▶ Recorded data
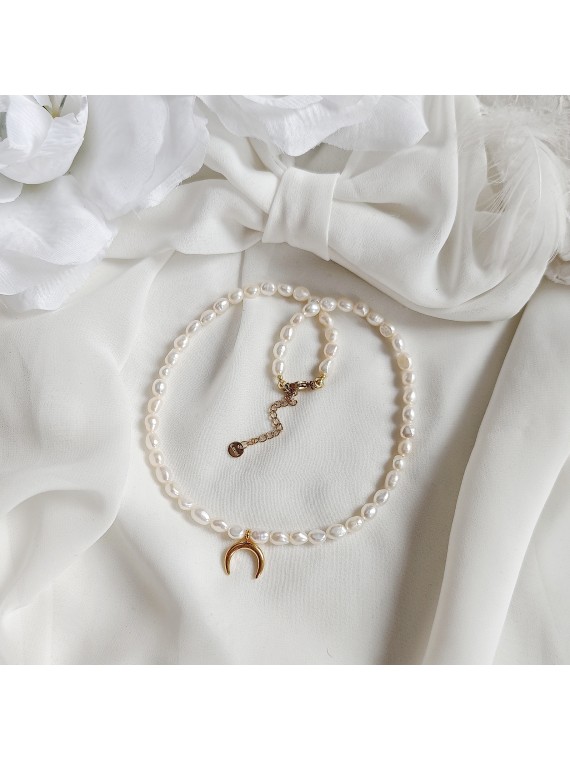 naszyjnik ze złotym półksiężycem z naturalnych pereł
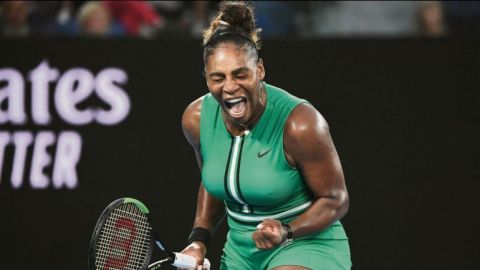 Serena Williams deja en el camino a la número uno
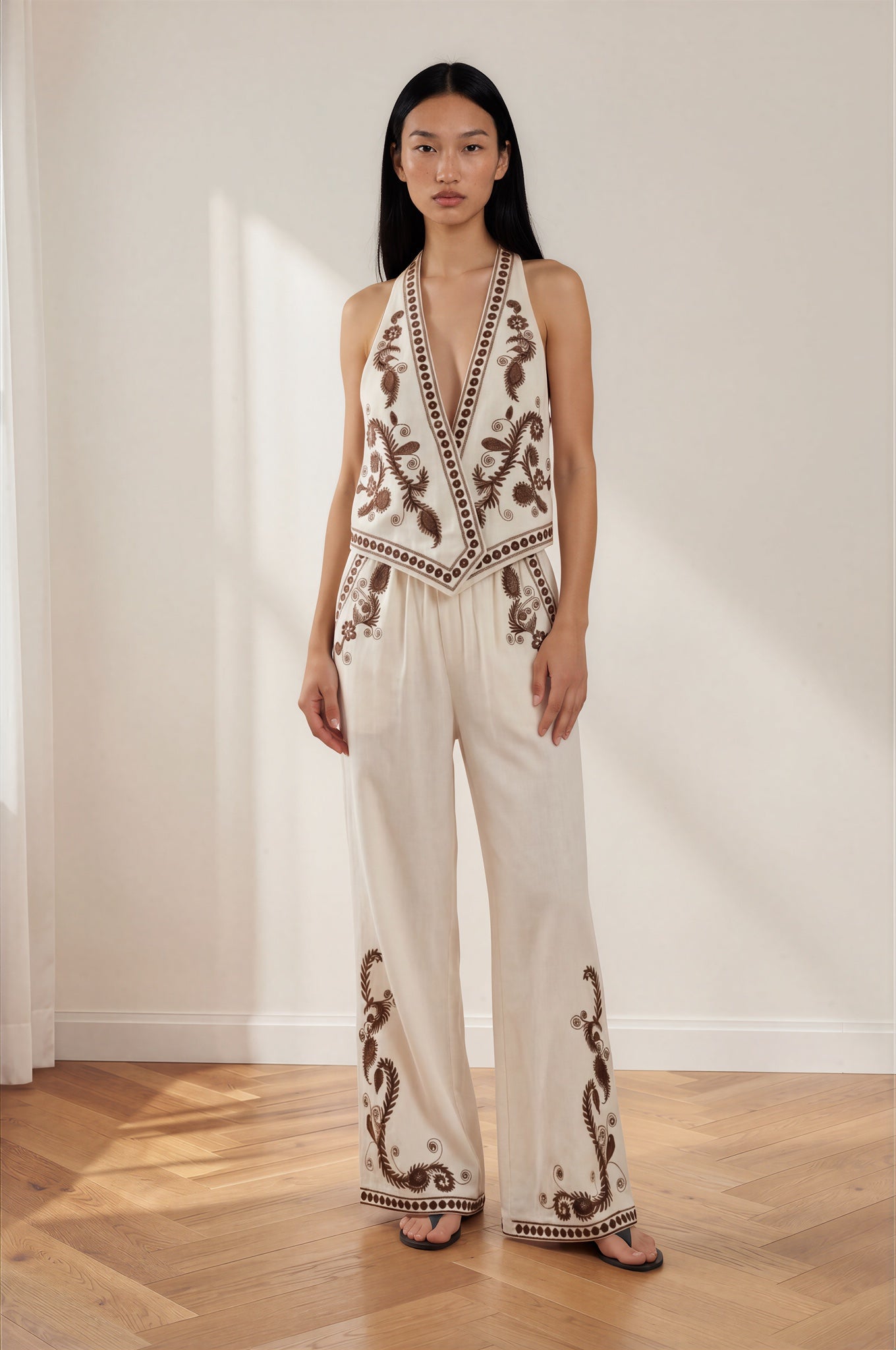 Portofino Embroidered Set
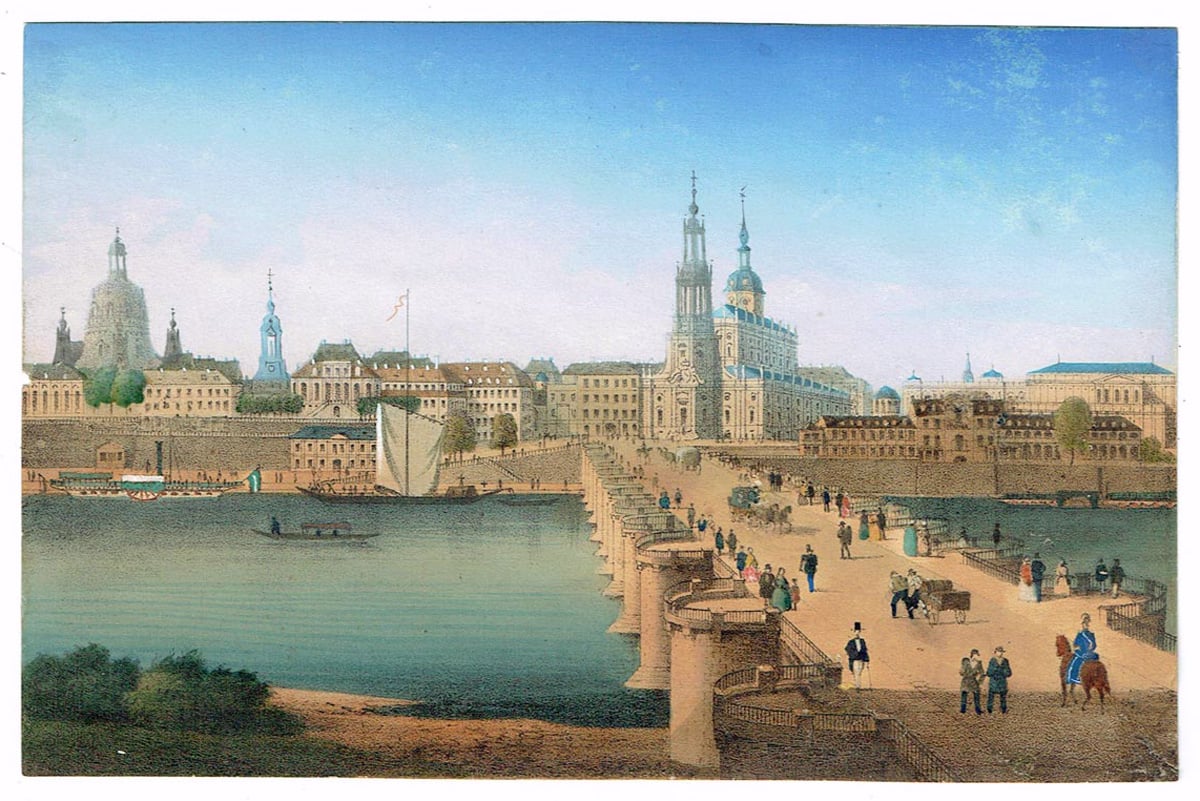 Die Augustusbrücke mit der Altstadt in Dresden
--
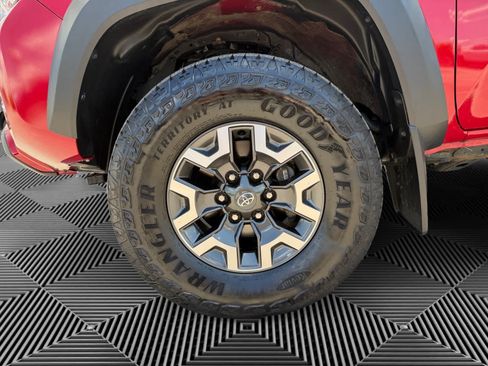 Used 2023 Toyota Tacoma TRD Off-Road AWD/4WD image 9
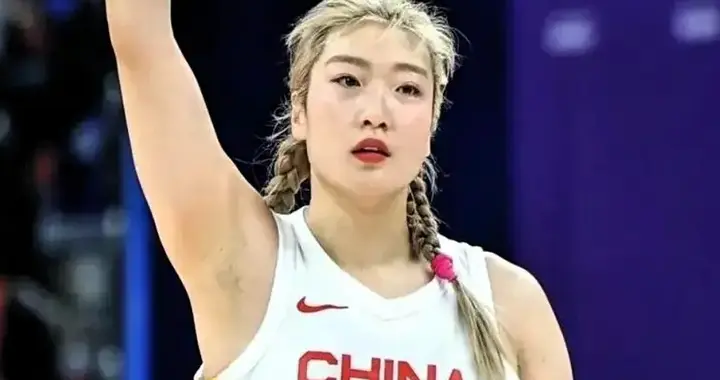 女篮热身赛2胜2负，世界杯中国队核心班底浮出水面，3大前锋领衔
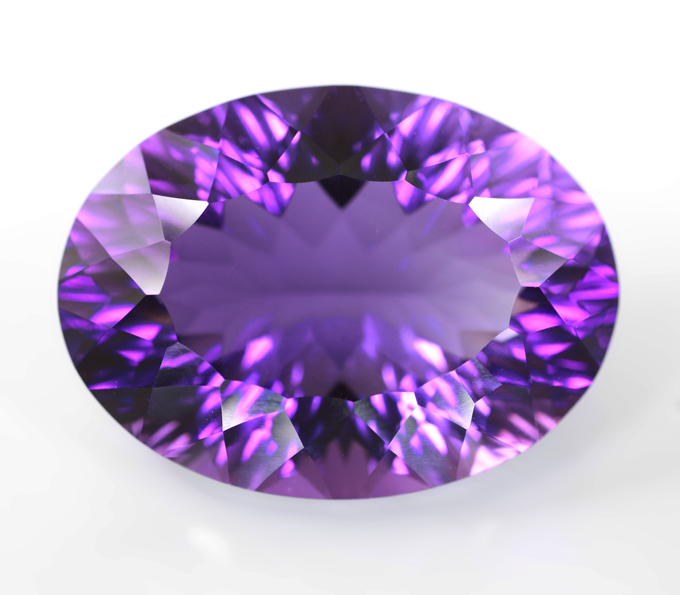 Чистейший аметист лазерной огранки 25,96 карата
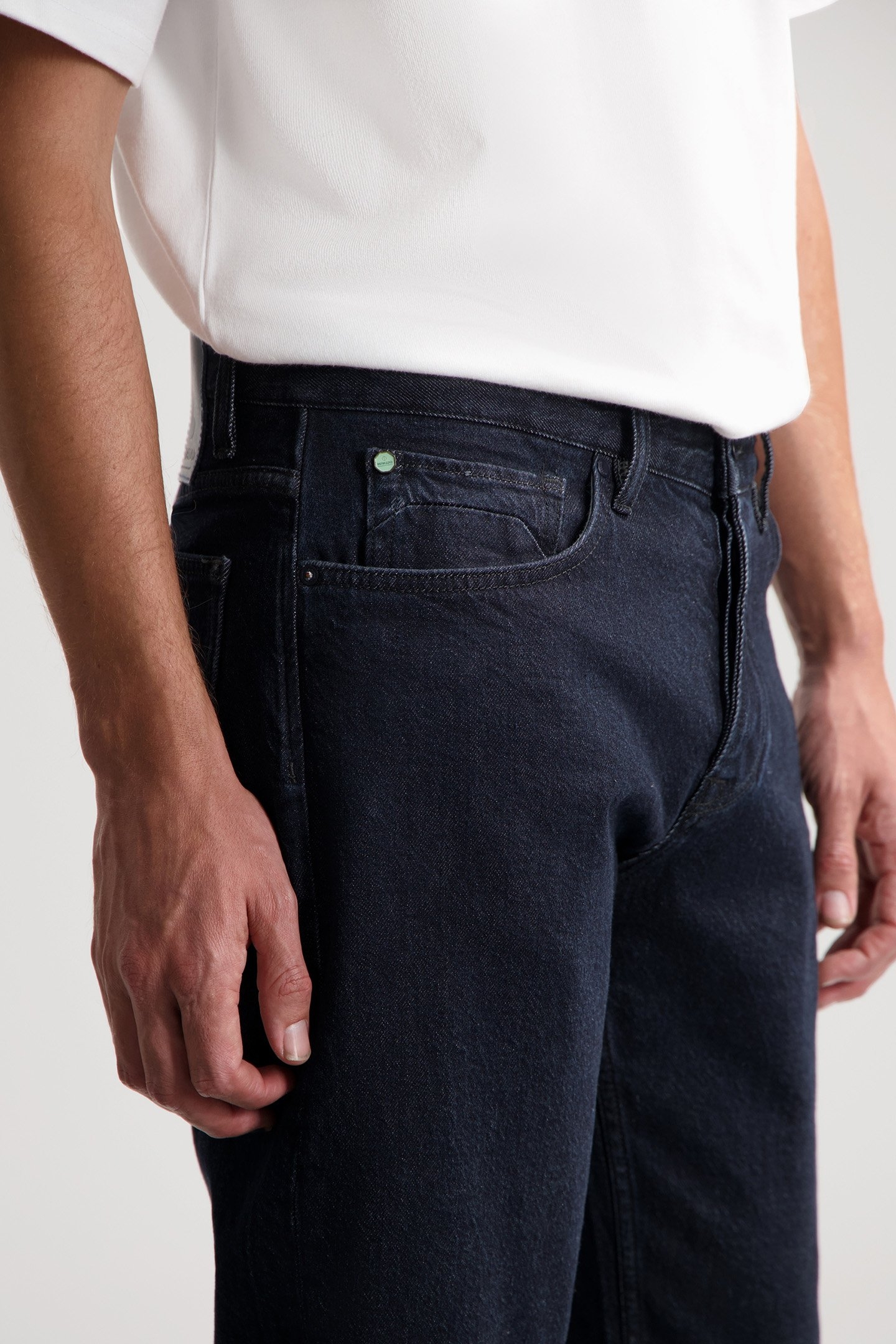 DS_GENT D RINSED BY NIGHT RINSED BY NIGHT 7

▶ Task description
Within the material above, only the stretch from the line holding "Portofino Embroidered Set" through the line holding "Die Augustusbrücke mit" is to be restated exactly. Pictures are dropped.

▶ Reply
 Portofino Embroidered Set
 Die Augustusbrücke mit der Altstadt in Dresden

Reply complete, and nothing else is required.